I.e., a basic block consisting of lit storelocal branch is executed 9227465 times.

This output can be combined in various ways. E.g., vmgen-ex/stat.awk adds up the occurences of a given sequence wrt dynamic execution, static occurence, and per-program occurence. E.g.,

      2      16        36910041 loadlocal lit

indicates that the sequence loadlocal lit occurs in 2 programs, in 16 places, and has been executed 36910041 times. Now you can select superinstructions in any way you like (note that compile time and space typically limit the number of superinstructions to 100-1000). After you have done that, vmgen/seq2rule.awk turns lines of the form above into rules for inclusion in a Vmgen input file. Note that this script does not ensure that all prefixes are defined, so you have to do that in other ways. So, an overall script for turning profiles into superinstructions can look like this:

awk -f stat.awk fib.prof test.prof|
awk '$3>=10000'|                #select sequences
fgrep -v -f peephole-blacklist| #eliminate wrong instructions
awk -f seq2rule.awk|            #turn into superinstructions
sort -k 3 >mini-super.vmg       #sort sequences

Here the dynamic count is used for selecting sequences (preliminary results indicate that the static count gives better results, though); the third line eliminates sequences containing instructions that must not occur in a superinstruction, because they access a stack directly. The dynamic count selection ensures that all subsequences (including prefixes) of longer sequences occur (because subsequences have at least the same count as the longer sequences); the sort in the last line ensures that longer superinstructions occur after their prefixes.

But before using this, you have to have the profiler. Vmgen supports its creation by generating file-profile.i; you also need the wrapper file vmgen-ex/profile.c that you can use almost verbatim.

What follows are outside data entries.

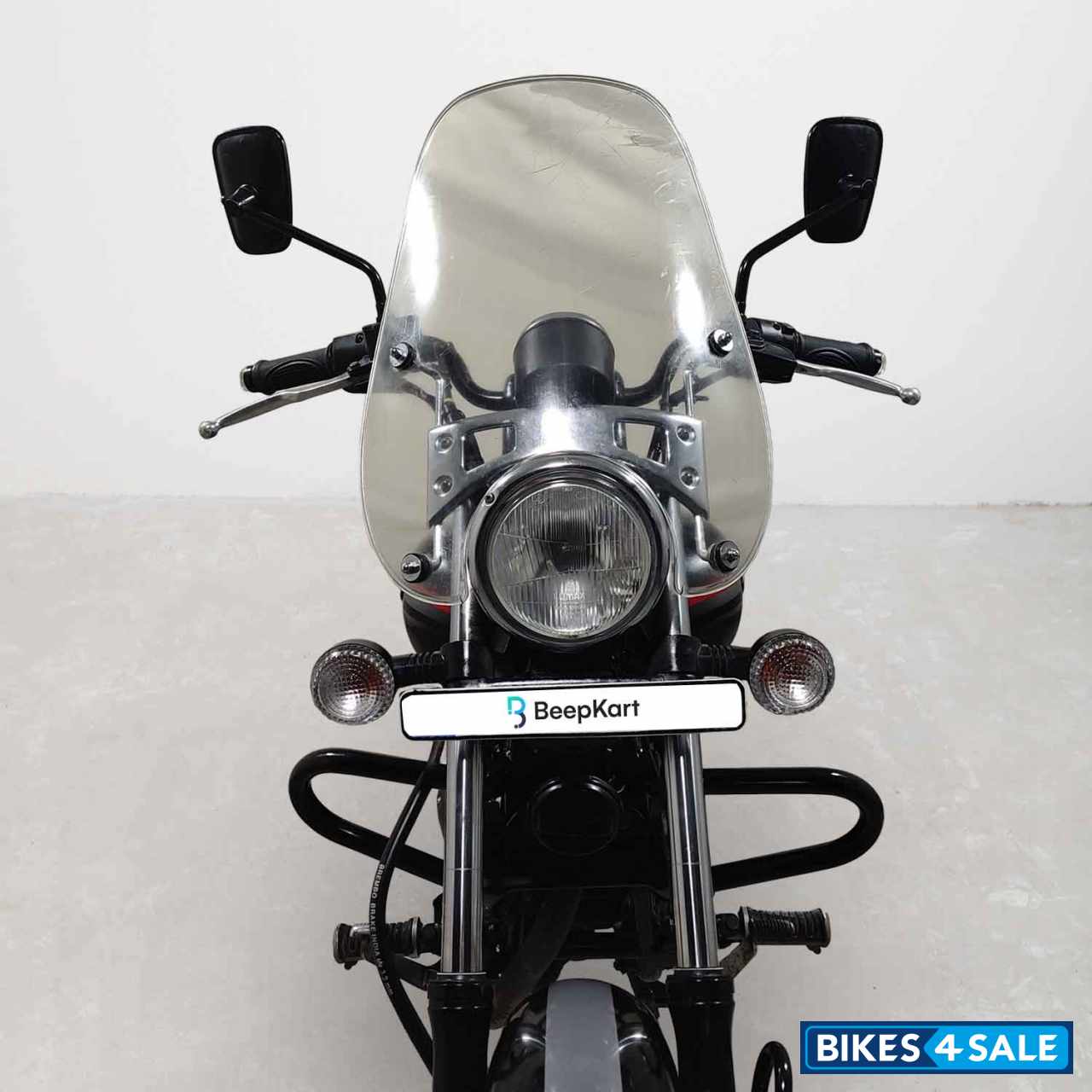Bajaj Avenger Street 220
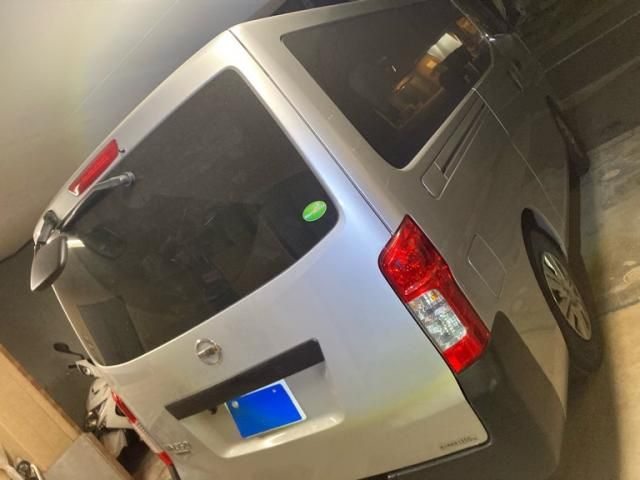NISSAN NV350 CARAVAN 2020 Image 31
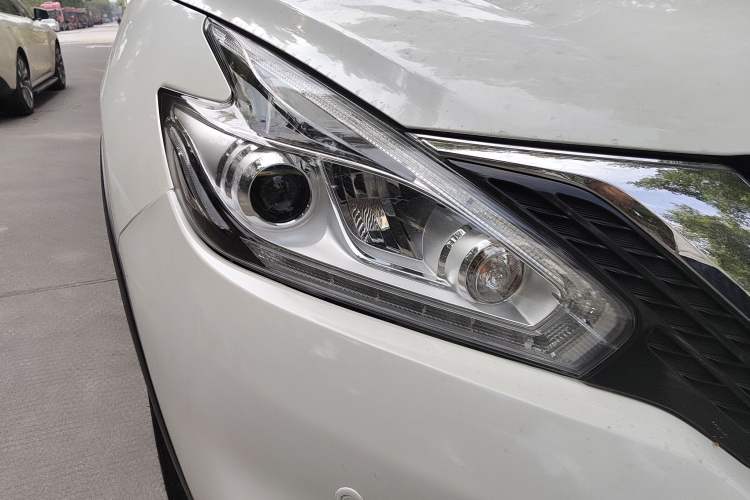 Used Nissan Murano 2021 2.5L XL Two-Wheel Drive Smart Connect Luxury Edition Right Front Headlight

The profiler works by recording the targets of all VM control flow changes (through SUPER_END during execution, and through BB_BOUNDARY in the front end), and counting (through SUPER_END) how often they were targeted. After the program run, the numbers are corrected such that each VM basic block has the correct count (entering a block without executing a branch does not increase the count, and the correction fixes that), then the subsequences of all basic blocks are printed. To get all this, you just have to define SUPER_END (and BB_BOUNDARY) appropriately, and call vm_print_profile(FILE *file) when you want to output the profile on file.

The file-profile.i is similar to the disassembler file, and it uses variables and functions defined in vmgen-ex/profile.c, plus VM_IS_INST already defined for the VM disassembler (see VM disassembler).